My question is this: 1. Why is there a noticeable dip in the amplitude as the robot moves closer to the sound source? 2. Please can you help me with links to resources that can help me explain this behaviour?

• Just to clarify, you specify that "X Axis is distance in meters" and we see that at 3.0 meters the amplitude is much lower than what it is at zero meters. Which is reasonable. Was this your intention or did you just plot the vector of captured values, in which case we should assume that "0" refers to the first measurement at 3.5 meters rather than meters (?). Also, what else is there on the turtlebt in terms of capturing sound? What else is there between the mic and sound capture? The rest of the diagram seems reasonable.... – A_A Jun 4 '18 at 12:07
• @A_A: The turtlebot was set to move a distance of 3m toward the sound source. The X axis represents the distance travelled in metres (from 3.5m away to 0.5m away from the sound source). With this explanation, "0" represents 0.5m from sound source, while "3.0" represents 3.5m from sound source. On the turtlebot, I use a laptop microphone (facing sound source) to capture the sound. I make use of modified version of this python code to log the sound measurements. – elcymon Jun 4 '18 at 12:21
• @A_A, when you say the rest of the diagram seems reasonable, do you mean that is the behaviour you will expect when you do same experiment? If so, how do I explain the result. Thanks. – elcymon Jun 4 '18 at 14:52
• Look at @CedronDawg's answer. The room supports waves which you can imagine like a "grid" of sound pressure. The grid is formed because of constructive / destructive interference. Your measurements are reasonable from that point of view. I wonder if your recording progressively clips so much as it gets near the source that no signal appears to be recorded. Is it possible to also save small clips of the recorded sound along with the 500Hz measurement? We could see if this progressive reduction is because of heavy clipping. – A_A Jun 4 '18 at 15:21

These are interesting results. Your comment "The X axis represents the distance travelled in metres (from 3.5m away to 0.5m away from the sound source). " seems to contradict "With this explanation, '0' represents 0.5m from sound source, while '3.0' represents 3.5m from sound source." The latter seems to be the one that fits your data better.

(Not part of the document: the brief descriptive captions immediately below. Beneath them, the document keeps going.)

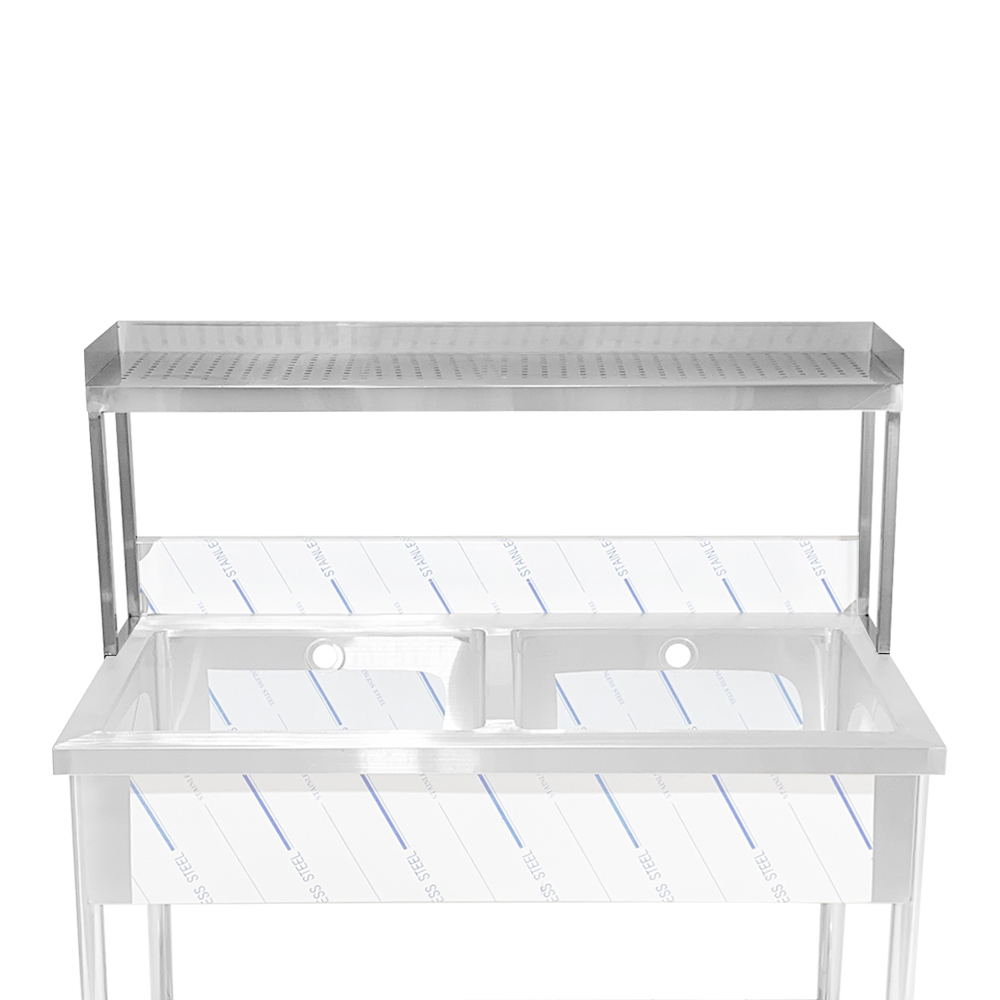 업소용 싱크대 상부선반 스텐 싱크선반 주방 수납 자체개발 물빠짐 타공 선반 600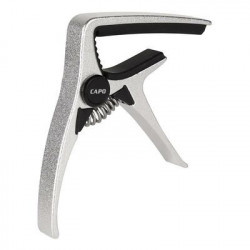 Boston spring loaded capo for acoustic or electric guitar, titanium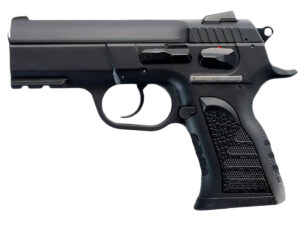 Tanfoglio IFG TFCOMPACTF10 Force Compact F 10mm Auto Caliber with 3.62" Barrel, 11+1 Capacity, Overall Black Finish, Picatinny Rail Frame, Serrated Steel Slide & Rubber Grip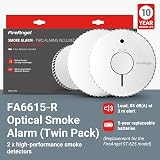 Fireangel FA6615-R Optical Smoke Alarm 2-Pack 10 Year Battery Replacement view 2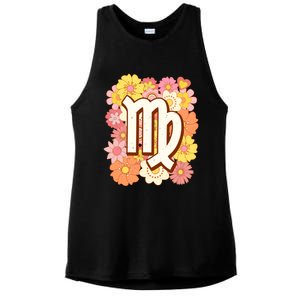 Zodiac Virgo Astrology Birthday Decorations Great Gift Ladies PosiCharge Tri-Blend Wicking Tank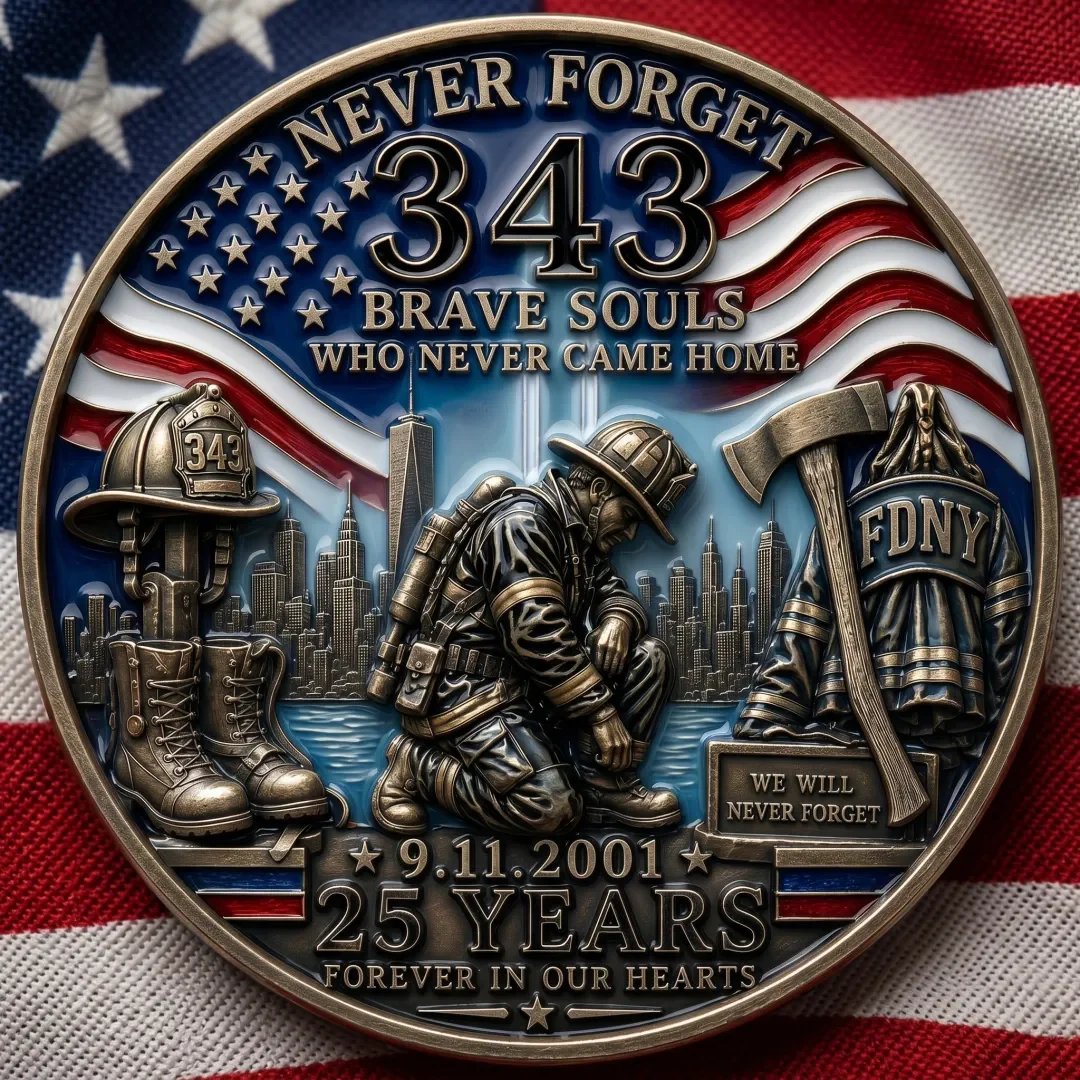 🔥Last Day 49% OFF🔥 - 🧢Never Forget 343 Memorial Cap 🎁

What is more pronounced is the fluctuations you are getting. Taking the speed of sound at 343 meters per second:

$$\frac{343~\text{meters}/\text{second}}{500~\text{cycles}/\text{second}} = 0.686~\text{meters/cycle}$$

With standing waves, the nodes are at half the wavelength, which corresponds closely to the size of your fluctuations in the graph. So as your robot is moving through the room, it looks like you are measuring the standing wave nodes.